Supplied information:
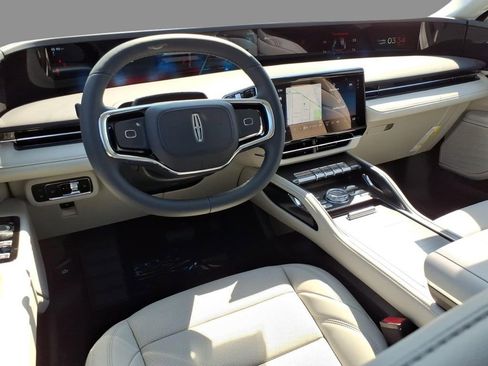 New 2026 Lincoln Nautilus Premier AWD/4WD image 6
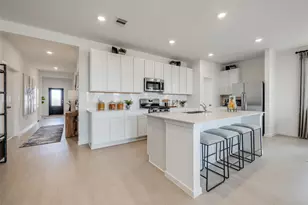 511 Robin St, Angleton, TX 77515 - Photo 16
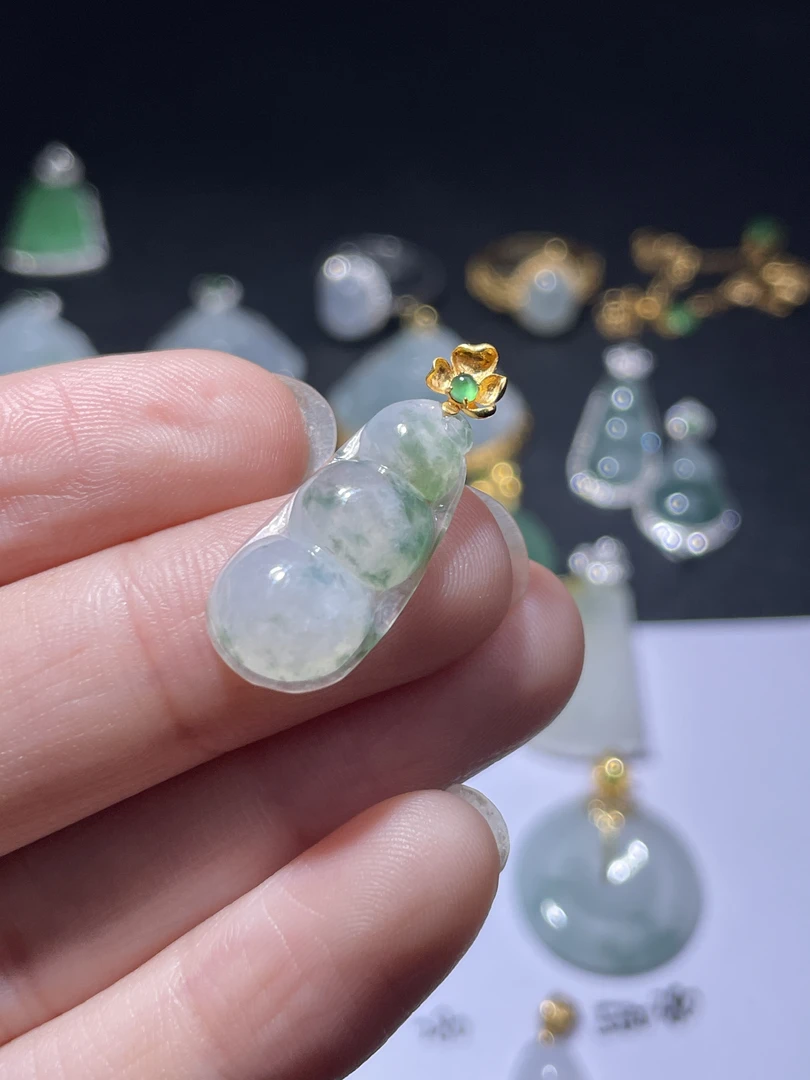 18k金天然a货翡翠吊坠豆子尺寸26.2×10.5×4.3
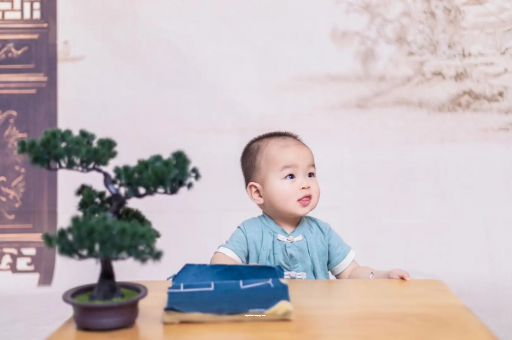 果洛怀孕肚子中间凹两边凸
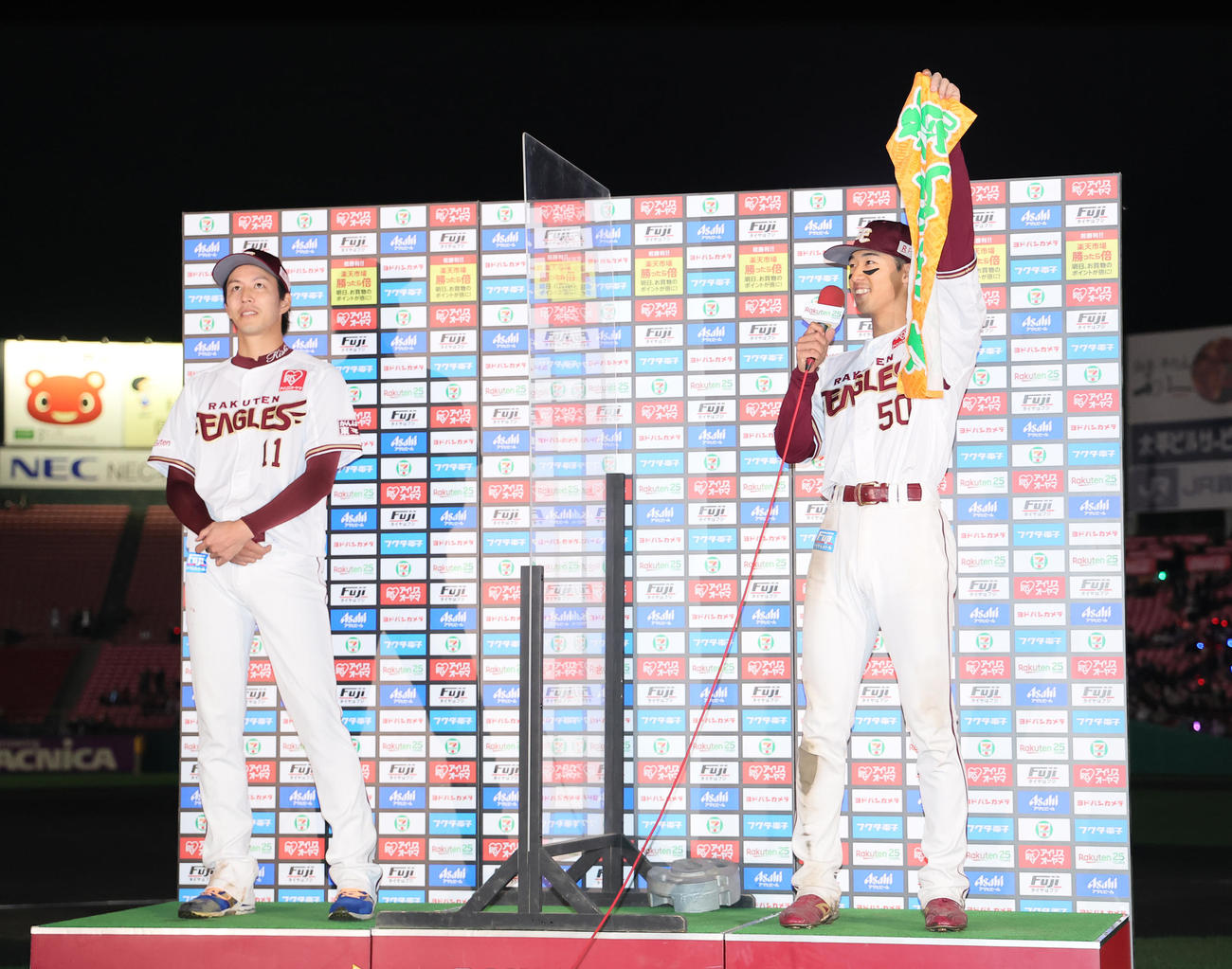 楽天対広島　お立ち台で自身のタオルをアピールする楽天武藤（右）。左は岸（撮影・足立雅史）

* * *

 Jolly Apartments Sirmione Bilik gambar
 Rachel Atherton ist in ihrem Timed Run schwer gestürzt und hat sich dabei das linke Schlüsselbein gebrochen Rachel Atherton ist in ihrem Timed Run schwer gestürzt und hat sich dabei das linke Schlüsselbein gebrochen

Task item: Of all the material above, only the lines from the one that has "New 2026 Lincoln" down to the one that has "楽天対広島　お立ち台で自身の" are to be written out, exactly and with both ends included. Pictures are skipped.

Expected output:
 New 2026 Lincoln Nautilus Premier AWD/4WD image 6
 511 Robin St, Angleton, TX 77515 - Photo 16
 18k金天然a货翡翠吊坠豆子尺寸26.2×10.5×4.3
 果洛怀孕肚子中间凹两边凸
 楽天対広島　お立ち台で自身のタオルをアピールする楽天武藤（右）。左は岸（撮影・足立雅史）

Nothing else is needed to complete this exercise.